A ceci s’ajoutent encore d’autres dimensions sur le plan relationnel (maltraitance sociale, maltraitance institutionnelle et non-reconnaissance de ses contributions) et au niveau des privations (désavantages matériels et sociaux, revenus insuffisants et incertains, et manque de travail décent).
Aujourd’hui, en ce 17 octobre, nous sommes en contact avec des personnes du monde entier qui s’emploient à mettre fin à la pauvreté du «Quart Monde». Qu’est-ce que ce «Quart Monde»? Joseph Wresinski, le fondateur du Mouvement international ATD Quart Monde, qui a lui-même grandi dans une grande pauvreté, l’a un jour formulé ainsi: «Le Quart Monde, ce sont des gens qui vivent dans l’extrême pauvreté, dans la misère, et qui sont convaincus que la misère n’est pas une fatalité».
Non, tu ne le dois pas!
Dans le film We, the Fourth World [Nous, le quart monde]3, Emma Speaks, militante d’ATD Quart Monde à New York, a des propos similaires: «Il ne faut jamais abandonner.
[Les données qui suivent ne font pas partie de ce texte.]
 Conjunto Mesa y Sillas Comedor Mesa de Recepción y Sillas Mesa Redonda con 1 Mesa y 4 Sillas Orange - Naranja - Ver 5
La pire chose que tu puisses penser, c’est: «Quoi que je fasse, je n’arriverai jamais nulle part». Je dois accepter la vermine, les déchets. Accepter, accepter… Non! Non, tu ne le dois pas. C’est pour ça que je dis que c’est tellement important que tu aies la possibilité de t’exprimer pour que les autres t’entendent, comme ici, avec le Mouvement ATD Quart Monde. Et chacun essaie de faire quelque chose pour qu’on puisse avancer.»
Le Mouvement ATD Quart Monde rassemble des personnes en situation de pauvreté et des personnes de tous horizons qui partagent cette conviction. «Agir Tout·e·s pour la dignité» en est la devise. Le 17 octobre, Journée mondiale du refus de la misère, trouve ses racines dans ce Mouvement. Cette journée a été célébrée pour la première fois en 1987 à l’occasion de son trentième anniversaire. Elle a été reconnue par l’ONU cinq ans plus tard.
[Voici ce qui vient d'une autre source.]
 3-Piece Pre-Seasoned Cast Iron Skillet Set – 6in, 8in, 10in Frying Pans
Donald Lee était fonctionnaire de l’ONU à New York lorsqu’il a rencontré le Mouvement ATD Quart Monde en 2000. Depuis, il s’est engagé auprès de l’ONU pour que le sens originel du 17 octobre soit respecté. Il a obtenu que l’ONU consulte les personnes directement touchées par la pauvreté afin de définir avec elle, de manière participative, le thème de la Journée internationale du refus de la misère.
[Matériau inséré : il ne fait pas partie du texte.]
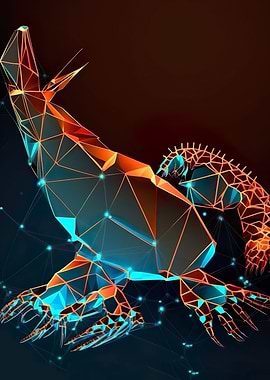 Low Poly Lobster Poster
Impliquer les personnes touchées par la pauvreté
Dans le film, il s’entretient à ce sujet avec Emma Speaks dans les locaux d’ATD Quart Monde à New York. Il explique que «c’est seulement une fois les objectifs du développement durable établis que l’ONU a mis l’accent sur la participation et sur l’idée de ne laisser personne de côté.
Les Nations Unies ont repris l’idée de Joseph Wresinski: on ne saurait vaincre la pauvreté sans impliquer les personnes concernées».
Donald Lee poursuit: «L’ONU considérait la pauvreté comme un problème. Mais ce que le 17 octobre met en lumière, ce sont les personnes qui se trouvent derrière. Si les gens ne se sentent pas libres, s’ils ne se sentent pas comme faisant partie de la société, ils ne sortiront jamais de la pauvreté. Par contre, si tu commences à interroger des personnes qui vivent dans la pauvreté, la vision qu’elle en ont va nourrir le débat».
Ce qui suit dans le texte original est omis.